Dieses Protokoll zeigt die Heterogenität in Zusammensetzung, Struktur und Morphologie von neutrophilen extrazellulären Fallen, abhängig von ihrem induzierenden Reiz unter vergleichbaren In-vitro-Bedingungen in humanen Neutrophilen von gesunden Individuen. Es wird eine hohe Reinheit und Lebensfähigkeit der neutrophilen Granulozyten erreicht. Dies ermöglicht es, die Konzentration von DNA, LL-37 und die Enzymaktivität von Myeloperoxidase, Elastase und Cathepsin G zu vergleichen, die von extrazellulären Neutrophilenfallen freigesetzt werden.
Dieses Protokoll ermöglichte es, die Wirkung von löslichen Faktoren oder Zellkontakt oder mögliche Therapien oder Mechanismen zum Schließen der Produktion von NETs bei Autoimmunerkrankungen zu analysieren. Diese Methoden können bei der Untersuchung von Autoimmunerkrankungen helfen. Aufgrund der unkontrollierten Zellvermehrung von NETs und der Dauer der Ausrichtung ihrer Bestandteile, die als Biomarker der Krankheit gelten.

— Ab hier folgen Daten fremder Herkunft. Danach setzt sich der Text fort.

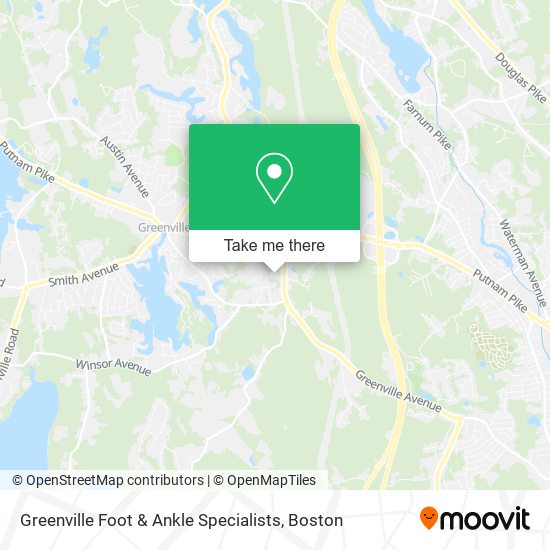 Mapa de Greenville Foot & Ankle Specialists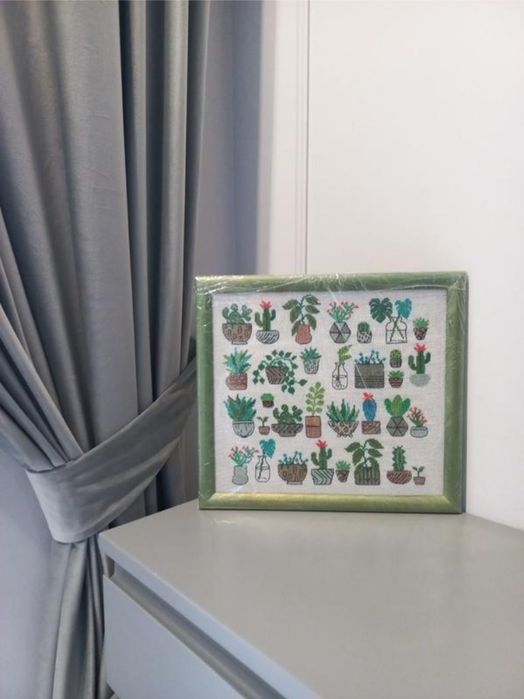 Картина " КАКТУСИ" 32/29 см.800 грн.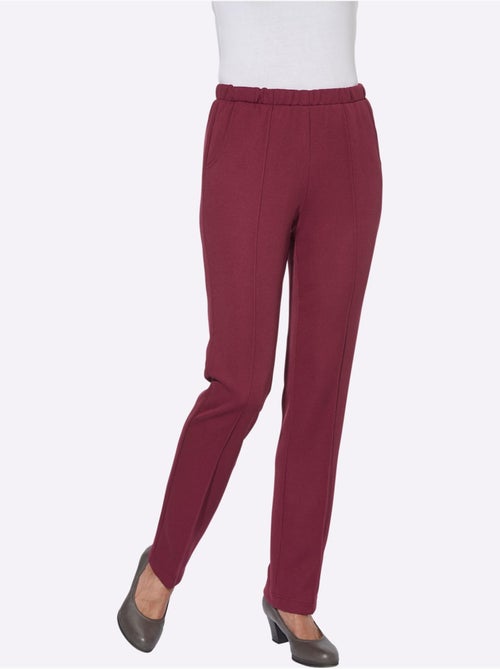Pantalon en jersey qualité jersey côtelée facile à entretenir - taille courte - witt - Kiabi Pantalon en jersey qualité jersey côtelée facile à entretenir - taille courte - witt - Kiabi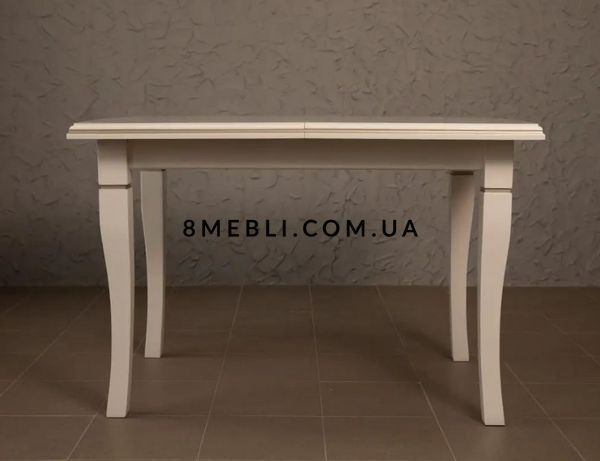 ➤Ціна 9 523 грн UAH Купити Кухонний стіл 80х120 з натурального дерева➤Слонова кістка ➤Столи круглі➤lebem➤253ММЕ фото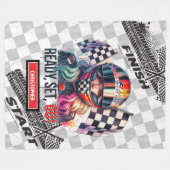 Trendy Racing Blanket Formel 1 Auto für Mädchen Fleecedecke (Vorderseite (Horizontal))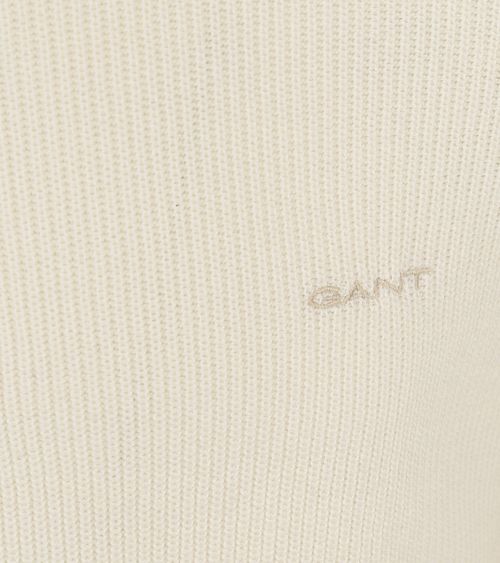 Maglione half-zip GANT in misto lana écru Product / Detail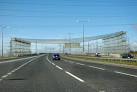 A13 passes under power lines under repair. A cat's cradle (or whatever it is - via Daymix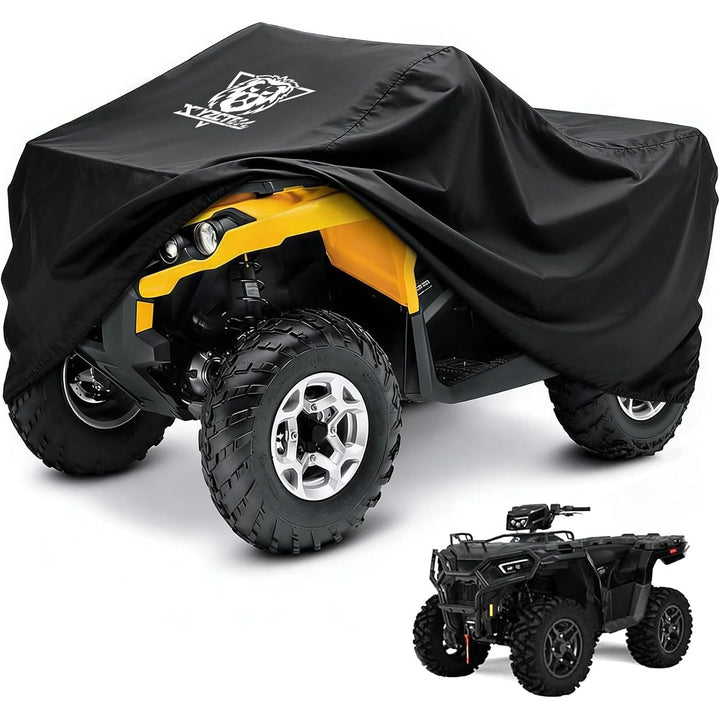 ATV Storage Cover – Black, 103 × 43 × 47 in - Just Closeouts Canada Inc.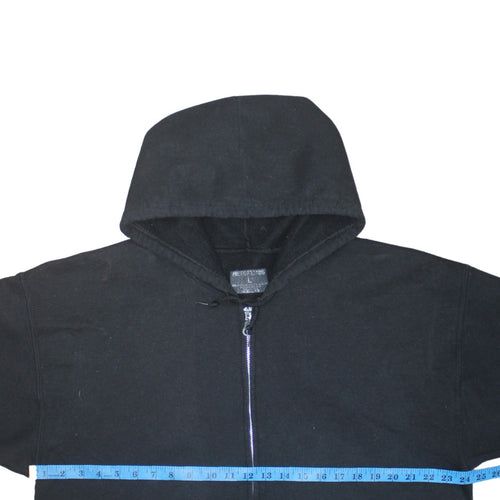 Pretty Little Thing Womens Black Full Zip Hoodie Size L
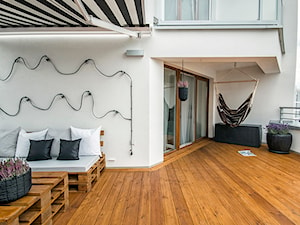 50 + 30 metrów kwadratowych - Taras, styl skandynawski - zdjęcie od Tak Po Prostu Wnętrza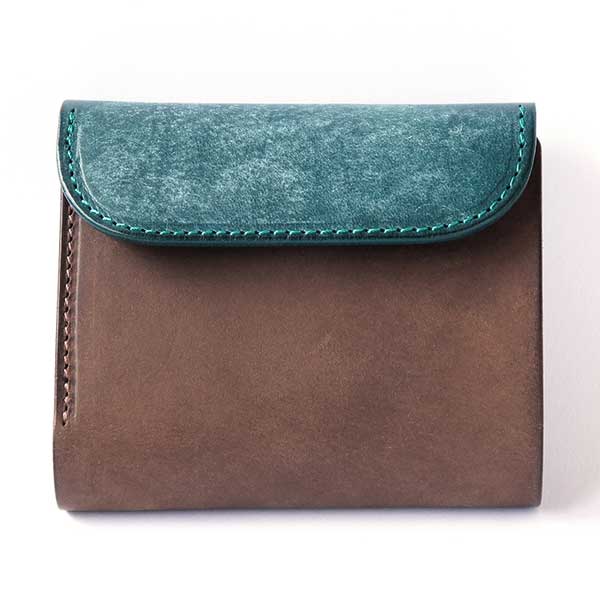≪sisiutl leather≫3つ折りショートウォレット 革を愛する職人の店 【オーダーメイドも承ります】
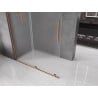 Mexen Velar Walk-in Shower Wall 150 x 200 cm, Frosted 8 mm, Rose Gold - 871-150-000-33-60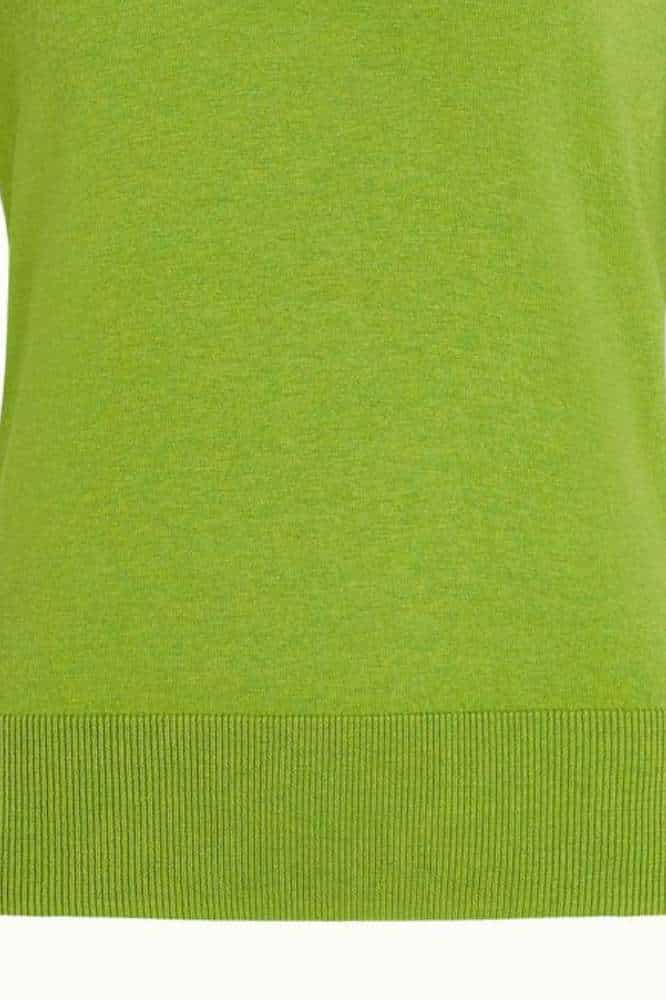 King Louie Agnes V Top Cocoon Dark Citron - La Vie en Rose Damesmode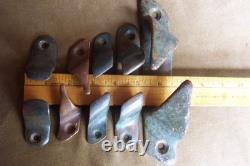 Vintage maritime-wood boats- bronze parts- 5 chocks-fairleads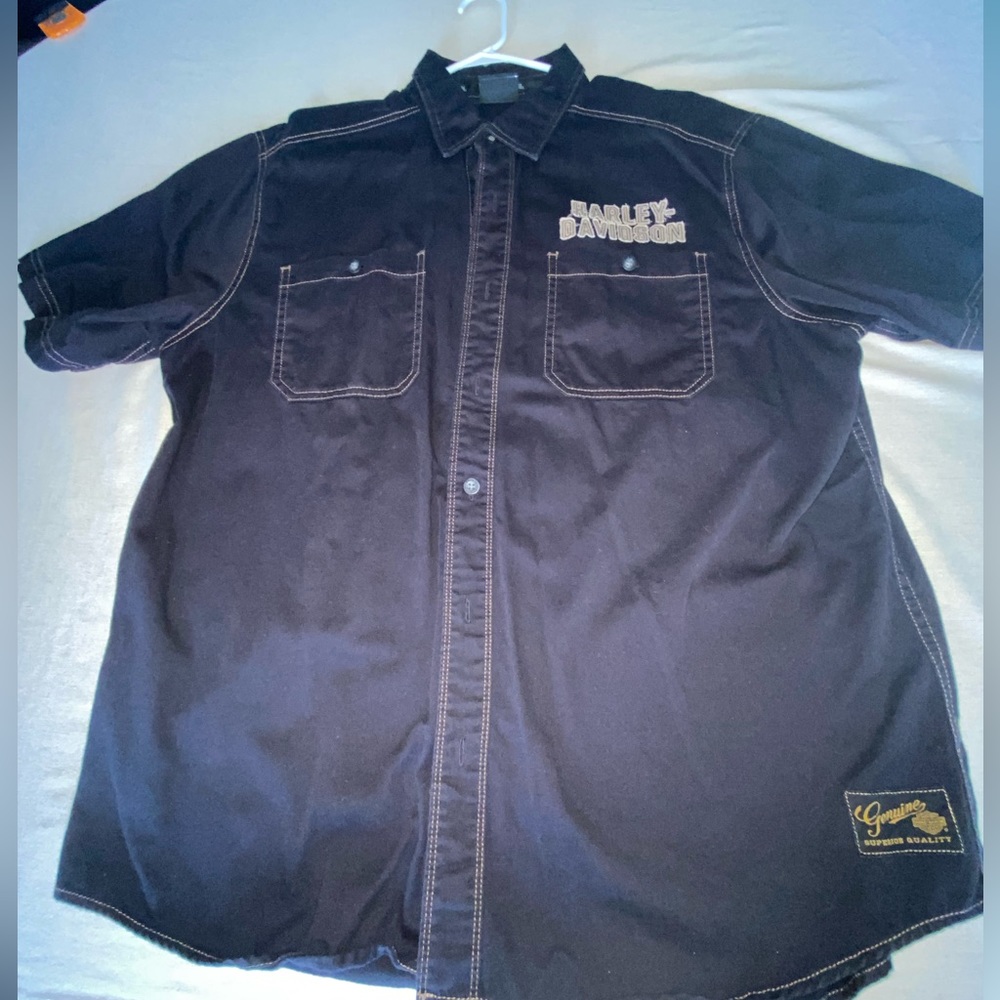 Men Harley Davidson button down shirt size XL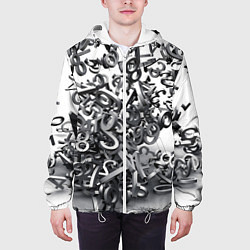 Куртка с капюшоном мужская Цифровой хаус, цвет: 3D-белый — фото 2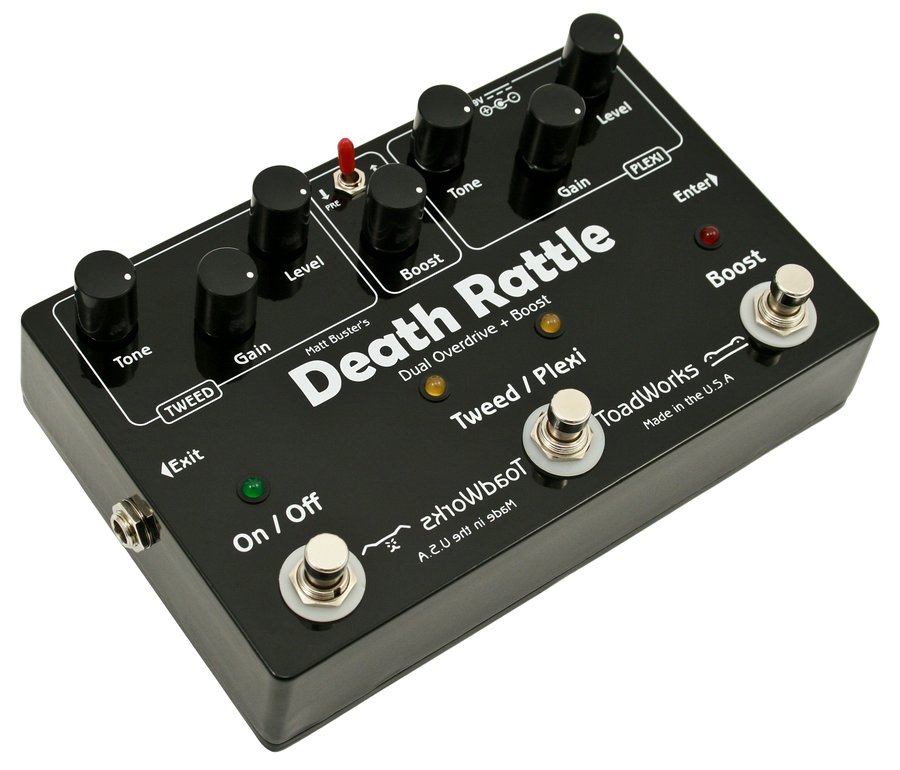★レア★Toad Works Death Rattle★Dual Channel OD+Boost★made in USA★初期型 生産完了品＃081★ Toadworks Matt Buster\u0027s Death Rattle Viii Dual Overdrive Black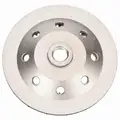 Diamond Vantage 4-1/2" Cup Segment Cup Grinding Wheel, 5/8"-11 Arbor, 13, 300 RPM, Segments: 9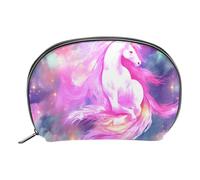 Borsa per il trucco piccola,borsa da viaggio per il trucco,Spazio dell'universo della nebulosa viola,borsa per l'organizzatore del trucco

Die Fluoreszenzmikroskopie ermöglicht es, Bilder von NETs aufzunehmen, die die Dispersion von DNA in Verbindung mit Proteinen wie LL37 zeigen, die mit Mikroorganismen kolokalisiert sind, um zu verstehen, wie sie aussehen. Führen Sie zunächst eine Venenpunktion durch, um 10 Milliliter peripheres Blut in Röhrchen zu sammeln, die Dikalium-EDTA als Antikoagulans enthalten. Führen Sie dann eine Standard-Blutbiometrie und einen C-reaktiven Proteintest durch, um eine Infektion oder Entzündung auszuschließen und die Qualität der Probe sicherzustellen.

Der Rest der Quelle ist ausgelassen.